Dopo la traduzione di opere di Diderot, Balzac, Nerval, Musset, Zola, Hugo, il francesista Paolo Fontana sembra essersi appassionato a François-Marie Arouet alias Voltaire, personaggio immenso e perciò complesso e a tratti contraddittorio come la sua epoca, che fu insieme filosofo, drammaturgo, poeta e critico letterario ma anche intellettuale engagé, infaticabile alfiere contro dispotismo e fanatismo religioso. Prima con  I diritti umani e le usurpazioni papali, e adesso con questa nuova traduzione di un testo inedito del più celebre tra i filosofi dei Lumi, Fontana mostra ai lettori il Voltaire appassionato delle arringhe a favore delle vittime di clamorosi errori giudiziari e difensore della giustizia .
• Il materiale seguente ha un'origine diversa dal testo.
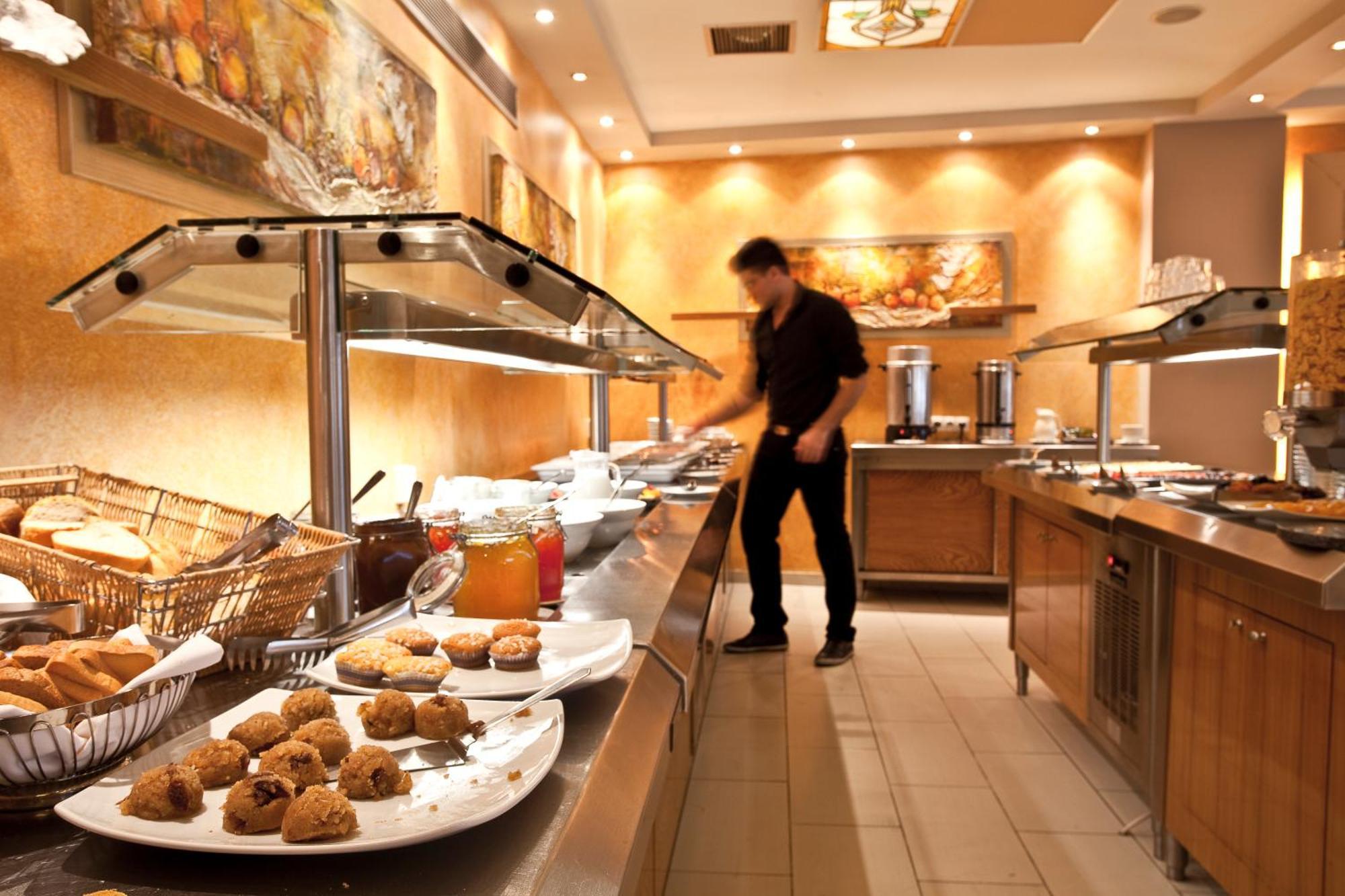 Otel Crystal 3*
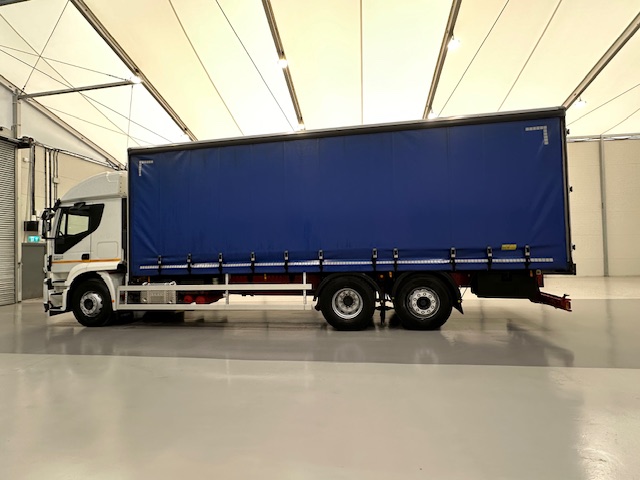 Iveco Stralis 360 6×2 Rear Steer Curtainsider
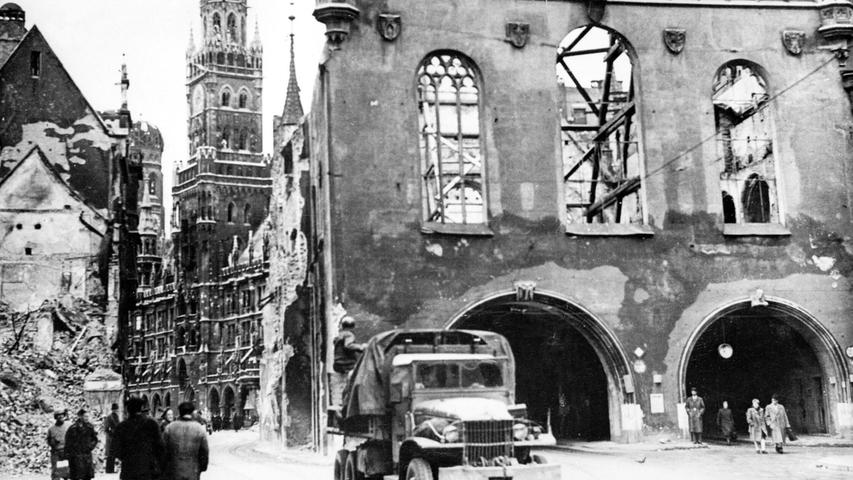 Kurz vor der Kapitulation der deutschen Wehrmacht besetzten US-Truppen die Stadt München, hier das zerstörte Rathaus. In Augsburg wurde nun vom Bayerischen Landtag und der Stadt ans Ende des Zweiten Weltkrieges vor 80 Jahren erinnert. (Archivbild) Kurz vor der Kapitulation der deutschen Wehrmacht besetzten US-Truppen die Stadt München, hier das zerstörte Rathaus. In Augsburg wurde nun vom Bayerischen Landtag und der Stadt ans Ende des Zweiten Weltkrieges vor 80 Jahren erinnert. (Archivbild)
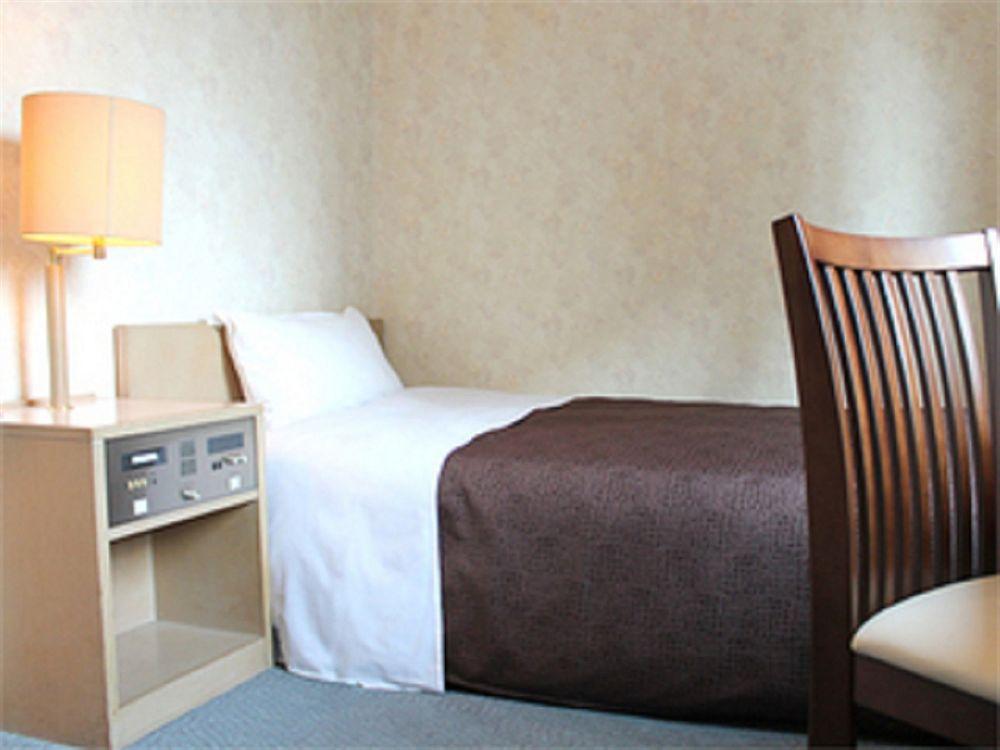 Hotel Livemax Budget Fuchū Zewnętrze zdjęcie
Va detto subito che il termine “parricidio” che appare nel titolo, comunemente inteso come omicidio del padre secondo l’etimologia latina pater, parens, può essere usato per indicare l’omicidio oltre che di un ascendente anche di un discendente o di un parente stretto. I parricidi di cui si tratta riguardano nel nostro caso le accuse di omicidio del figlio (nel caso Calas) e della figlia (nel caso Sirven). Peraltro questi non furono gli unici casi di cui Voltaire perorò la causa. Si potrebbero ricordare quelli relativi a Lally-Tollendal, Montbailli o d’Étallonde, compagno quest’ultimo dello sfortunato cavaliere de La Barre la cui vicenda è ricordata nella prefazione da Fontana e su cui Voltaire scrisse e lanciò i suoi strali. Una storia emblematica riguardo al clima asfittico che si viveva in quel tempo. Il giovane de La Barre viveva ad Abbeville, una cittadina del nord della Francia e nel 1765 ebbe un contrasto con un certo Belleval intenzionato a farla pagare al cavaliere insolente. Approfittando del danneggiamento di un crocifisso posto sul ponte nuovo di Abbeville, a seguito del quale il vescovo della città aveva eccitato gli animi  parlando di una setta sacrilega che faceva a pezzi i crocifissi e pugnalava le ostie, il famelico Belleval sfruttò il clima da caccia alle streghe e mise insieme l’episodio del crocifisso con una vicenda precedente che riguardava de La Barre, il quale era stato visto insieme ai compagni d’ Étalonde e Moinel passare davanti ad una processione senza scoprirsi il capo, gesto che fu interpretato come insulto deliberato alla religione. Nonostante non vi fosse alcuna relazione tra le due vicende, Belleval denunciò i tre giovani servendosi anche di alcuni delatori fomentati ad arte. I giudici di Abbeville condannarono il diciottenne d’Étallonde al taglio della lingua e della mano destra per poi essere bruciato a fuoco lento nella piazza del mercato; per sua fortuna,  d’Étallonde riuscì a fuggire. Il quindicenne Moinel venne assolto. Il povero de La Barre subì invece la pena della tortura, per essere poi decapitato e arso su un palo il primo di luglio del 1766. Due settimane dopo Voltaire, scrivendo a Cesare Beccaria, cominciò la sua campagna per la riabilitazione di de La Barre che arriverà solo nel 1793.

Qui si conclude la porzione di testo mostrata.